Second embodiment example of case where light shielding film is provided

FIG. 9 is a cross-sectional view of the vicinity of an end portion of a CMOS image sensor 1 according to a second embodiment. In FIG. 9, configurations corresponding to those in FIG. 2 are denoted by the same reference numerals, and description thereof will be omitted as appropriate.

A light shielding film 61 is provided in a trench 58 of the CMOS image sensor 1 according to the second embodiment. The light shielding film 61 includes, for example, a first portion 61a and a second portion 61b. The first portion 61a is provided so as to cover a sidewall protective film 57. In other words, the wall surface constituted by the sidewall protective film 57 is provided adjacent to the wall surface constituted by the first portion 61a. More specifically, the first portion 61a is provided so as to fill the trench 58 of FIG. 2. The second portion 61b is provided on the upper part of a meta-surface layer 55. For example, the second portion 61b is provided so as to cover up to the upper part of an optical black region without covering the upper part of an effective pixel region.

A material of the light shielding film 61 is, for example, a metal material. More specifically, the material of the light shielding film 61 is selected from a simple metal such as tungsten (W), aluminum (Al), or copper (Cu), or an alloy material. Furthermore, the material of the light shielding film 61 may be, for example, an organic material such as a black resist.

FIG. 10 is a diagram illustrating an effect of the second embodiment.

A of FIG. 10 is a diagram illustrating a path of external light for a CMOS image sensor in which the light shielding film 61 is not provided. In the CMOS image sensor having a meta-surface layer 55, a spacer layer 53 having a thickness of about several μm is provided. As a result, the CMOS image sensor is easily affected by light obliquely incident from the outside (external light). In a case where the light shielding film 61 is not provided, external light is reflected by the front surface of a semiconductor substrate 51 or the like and is incident on the meta-surface layer 55 as indicated by thick solid arrows. The external light is bent in an unintended direction by the meta-surface layer 55 to generate flare.

B of FIG. 10 is a diagram illustrating a path of external light for the CMOS image sensor 1 according to the second embodiment. According to the second embodiment, external light incident as indicated by a thick solid arrow is absorbed by the light shielding film 61. As a result, external light can be prevented from being bent in an unintended direction in the meta-surface layer 55, whereby occurrence of flare can be suppressed.

In FIGS. 9 and 10, it is assumed that the light shielding film 61 includes the first portion 61a and the second portion 61b, but the configuration of the light shielding film 61 is not limited to the illustrated configuration. For example, the second portion 61b of the light shielding film 61 may be provided in the configuration of FIG. 8. Furthermore, only the first portion 61a may be provided without providing the second portion 61b. Moreover, another film, not illustrated, may be provided between the first portion 61a and the second portion 61b.
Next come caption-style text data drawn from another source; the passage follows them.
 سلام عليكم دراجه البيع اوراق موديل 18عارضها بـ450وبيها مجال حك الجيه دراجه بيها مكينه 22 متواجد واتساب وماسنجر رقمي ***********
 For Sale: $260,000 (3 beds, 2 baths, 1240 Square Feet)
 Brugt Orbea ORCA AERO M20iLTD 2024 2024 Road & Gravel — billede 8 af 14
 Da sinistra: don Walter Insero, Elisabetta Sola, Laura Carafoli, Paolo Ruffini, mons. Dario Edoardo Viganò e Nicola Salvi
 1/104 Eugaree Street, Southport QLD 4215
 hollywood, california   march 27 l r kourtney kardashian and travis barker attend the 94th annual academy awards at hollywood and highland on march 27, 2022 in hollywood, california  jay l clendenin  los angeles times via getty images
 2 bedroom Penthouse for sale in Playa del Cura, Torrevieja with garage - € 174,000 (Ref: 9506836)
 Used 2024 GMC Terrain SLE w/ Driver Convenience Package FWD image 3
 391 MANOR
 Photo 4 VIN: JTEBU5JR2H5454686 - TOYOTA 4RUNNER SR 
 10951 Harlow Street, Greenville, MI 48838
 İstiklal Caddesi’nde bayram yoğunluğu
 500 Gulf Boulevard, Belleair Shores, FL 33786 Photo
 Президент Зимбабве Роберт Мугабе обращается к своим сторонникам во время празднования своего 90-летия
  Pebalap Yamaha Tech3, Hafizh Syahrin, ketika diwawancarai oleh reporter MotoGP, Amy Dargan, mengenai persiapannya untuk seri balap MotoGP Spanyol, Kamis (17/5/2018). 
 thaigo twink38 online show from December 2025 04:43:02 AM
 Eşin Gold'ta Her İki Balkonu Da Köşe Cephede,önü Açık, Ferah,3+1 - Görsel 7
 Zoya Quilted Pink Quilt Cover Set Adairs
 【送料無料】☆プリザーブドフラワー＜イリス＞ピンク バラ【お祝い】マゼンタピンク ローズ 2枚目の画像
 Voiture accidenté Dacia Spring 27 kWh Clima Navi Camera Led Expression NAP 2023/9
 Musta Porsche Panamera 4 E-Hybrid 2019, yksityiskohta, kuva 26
Manufacturing method of first embodiment

First manufacturing method

A first manufacturing method of the CMOS image sensor 1 according to the first embodiment will be described with reference to FIGS. 11 to 13.

First, as illustrated as a process of step S1 in FIG. 11, the color filter 52 is formed on the upper part of the semiconductor substrate 51. In the process of step S1, a light shielding wall including, for example, a dielectric or the like is formed between the color filters 52. Furthermore, a light shielding film 101 constituting the optical black region is formed outside the effective pixel region.

Next, as illustrated as a process of step S2 in FIG. 11, the spacer layer 53 is formed on the upper part of the semiconductor substrate 51. The spacer layer 53 can be formed by various physical or chemical film forming methods. Specifically, the film forming methods are a physical vapor deposition (PVD) method, a chemical vapor deposition (CVD) method, an atomic layer deposition (ALD) method, and the like.

Next, as illustrated as a process of step S3 in FIG. 11, the trench 58 for forming the sidewall protective film 57 and the pad opening 59 are formed. For example, anisotropic dry etching is used to form the trench 58 and the pad opening 59.

Next, as illustrated as a process of step S4 in FIG. 12, the first antireflection film 54 and the transparent layer 55b of the meta-surface layer 55 are formed. The first antireflection film 54 and the transparent layer 55b can be formed by the above-described physical or chemical film forming methods. In the example of FIG. 12, not only the film of the same material as that of the transparent layer 55b but also the first antireflection film 54 is formed inside the trench 58. The material of the sidewall protective film 57 includes two materials, that is, the material of the first antireflection film 54 and the same material as the material of the transparent layer 55b. As described above, the sidewall protective film 57 can include a plurality of films. In the process of step S4, at least one of the first antireflection film 54 or the transparent layer 55b is formed as the sidewall protective film 57 so as to constitute the sidewall of the spacer layer 53.

Next, as illustrated as a process of step S5 in FIG. 12, a hard mask 102 is formed on the transparent layer 55b. The hard mask 102 is formed to have a configuration in which, for example, silicon oxide and amorphous silicon are stacked.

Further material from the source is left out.